You may have seen my first post about reading food…
So much of the personal journey many of us will have through bariatric surgery is in our own heads. Our minds are powerful and can influence so much of what we do. I prepared myself mentally as much as I could for the shift that was going to take place after surgery. While it was hard and still a big adjustment, mentally I felt totally on top of it for quite a while after I had my gastric bypass. As you can probably tell from my amazing artwork (haha!) the head games started getting harder the further out from my surgery I get.
I think a large part of me feeling so on top of it was that I had totally come to terms with what I was giving up and for the most part (except when I had a few meltdowns) it didn’t bother me in the slightest. Mentally the first 6-9 months were the easiest for me. I had totally lost my appetite and interest in food. I had to make myself eat because I knew I needed the protein most of the time.
I think things started to change as I got closer to my goal weight. I had come so far and as I got used to my new physiology I started to test the limits a bit. To begin with I stuck to my dieticians advice to the letter. I lagged behind a bit the whole way through in terms of portion sizes and some of that was because I was so scared of stretching my stomach back out but also because I was really listening to my body.
Through testing the limits I learned that I can eat some things I shouldn’t. I definitely have limits in terms of how much I can eat at once and if I eat too much sugar it’s all over. Once I figured out I could have the odd thing I shouldn’t it opened me up to having a ‘little treat’ or something I shouldn’t every now and then. As we know our brains find this extremely rewarding and before you know it you’re having a ‘little treat’ everyday.

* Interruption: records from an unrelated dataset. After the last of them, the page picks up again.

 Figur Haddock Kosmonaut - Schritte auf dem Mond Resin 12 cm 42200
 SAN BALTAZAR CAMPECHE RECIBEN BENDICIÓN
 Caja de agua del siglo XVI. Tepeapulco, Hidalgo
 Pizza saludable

Then comes the crushing reality that you have got so far away from where you were in the early stages after surgery. In my mind I catastrophised it and put pressure on myself to get my head back to where I was after surgery. The thing is I will never get back to that point. Mentally, this is always going to be a progression and it will be a constantly changing state.
Intellectually I know many things about this process. I know that when I’m tired food actually doesn’t make much difference to how I feel. I know that when I’m stressed those lollies aren’t going to change anything and I’ll still be stressed if I eat them. I know that my body only needs three meals a day and no snacks. I know that most of the time I’m not feeling physical hunger it’s usually just head hunger. I know that if I buy a packet of those new Goody Goody Gum Drop biscuits I will eat most of them. It takes me a few days but I can manage it.

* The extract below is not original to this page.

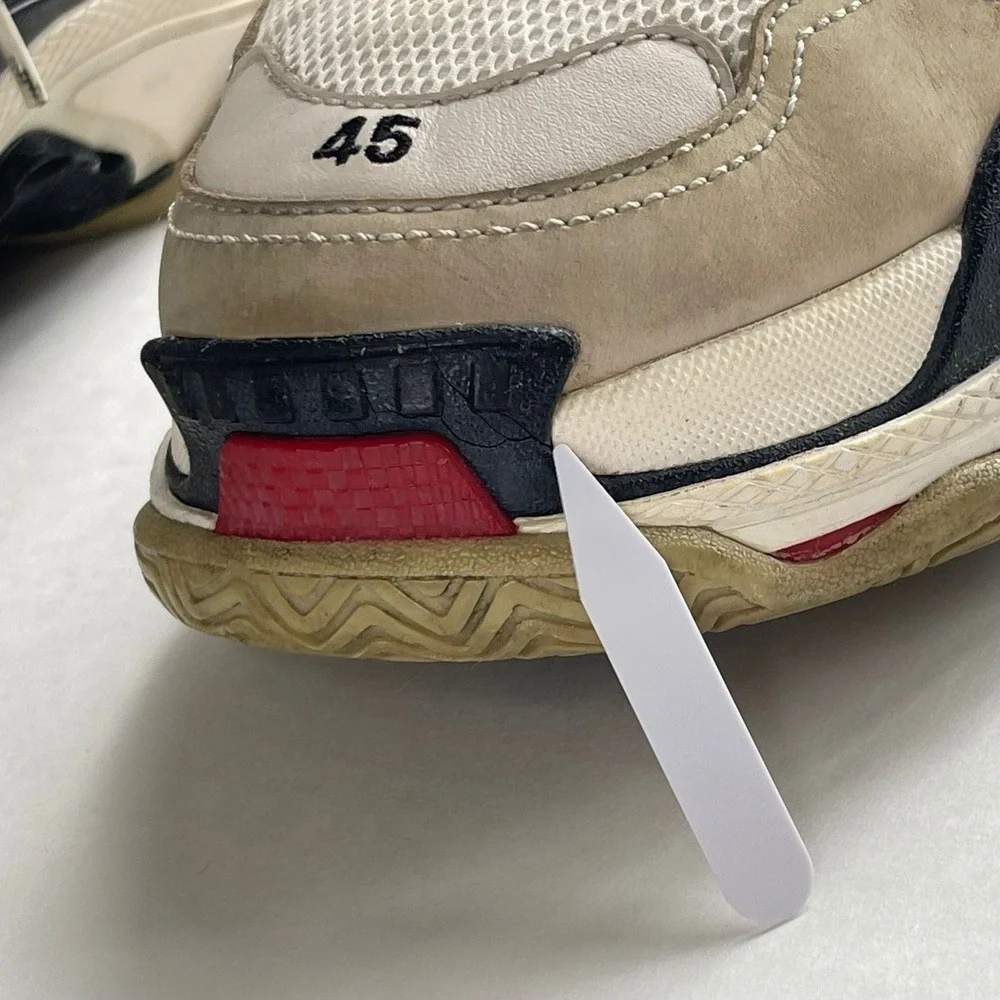 Balenciaga visible upper white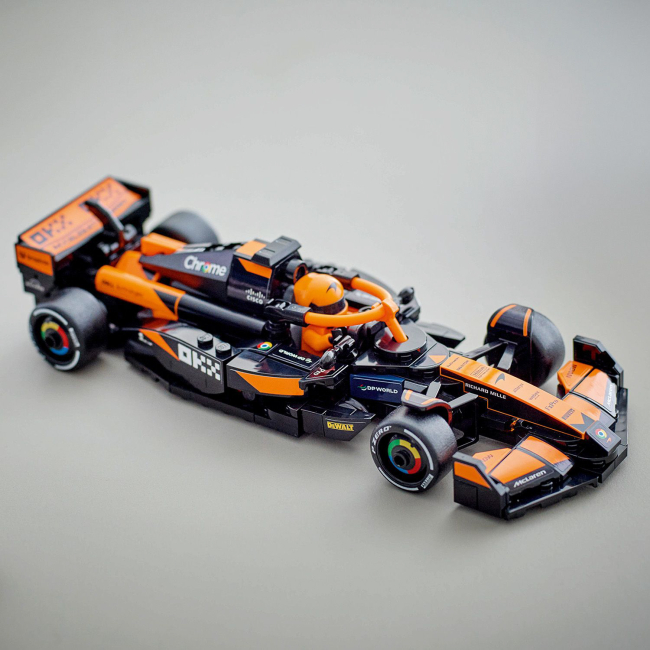 Конструкторы LEGO - Конструктор LEGO Speed Champions Автомобиль для гонки McLaren F1 (77251)#4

Sometimes though even knowing all of those things you still give into them because your brain convinces you it’s a good idea, that you NEED it or that voice is just so loud you can’t escape it. You need to keep a close eye on the things that are happening up there. If you let these thoughts get away on you and build up it will be harder to fight through them.

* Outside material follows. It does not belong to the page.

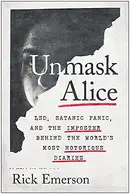 Book cover of Unmask Alice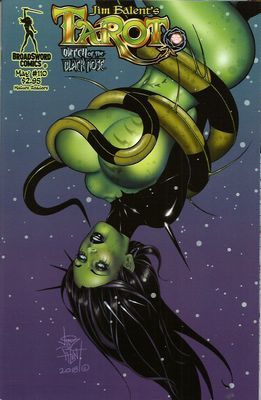 Tarot: Witch of the Black Rose #110E Deluxe Litho Edition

If you are really struggling with the mental and emotional side of your bariatric journey please talk to a professional counsellor or psychologist about it. There can be so many things that have contributed to our weight problems over time and our mental health is crucial. I don’t have any specific recommendations of who to talk to so if you feel you need it get in contact with your team and I’m sure they will be able to help you with a recommendation.
One of the things I do is think, a lot, you may have noticed since I tend to blabber most of it out here. I think the introspection and periodic evaluation of where my head is at is helpful in picking up thought patterns and recognising behaviours that aren’t helping me towards my ultimate goal. Much like I weigh myself everyday, although that’s a habit I’m trying to calm down on a bit, being aware of what’s going on and having your eyes wide open to what’s happening is going to help you conquer this stuff. It’s vitally important that you are totally honest with yourself for this to be of any value.
You had your surgery for you, you have worked so incredibly hard to get to this point and you’re worth it. You deserve every bit of success this has brought into your life. If you’re finding things aren’t going exactly to plan find someone you can talk to and have a good old chat about it. Chances are they can probably relate and help you put some things into perspective and help you come up with a plan to tackle it.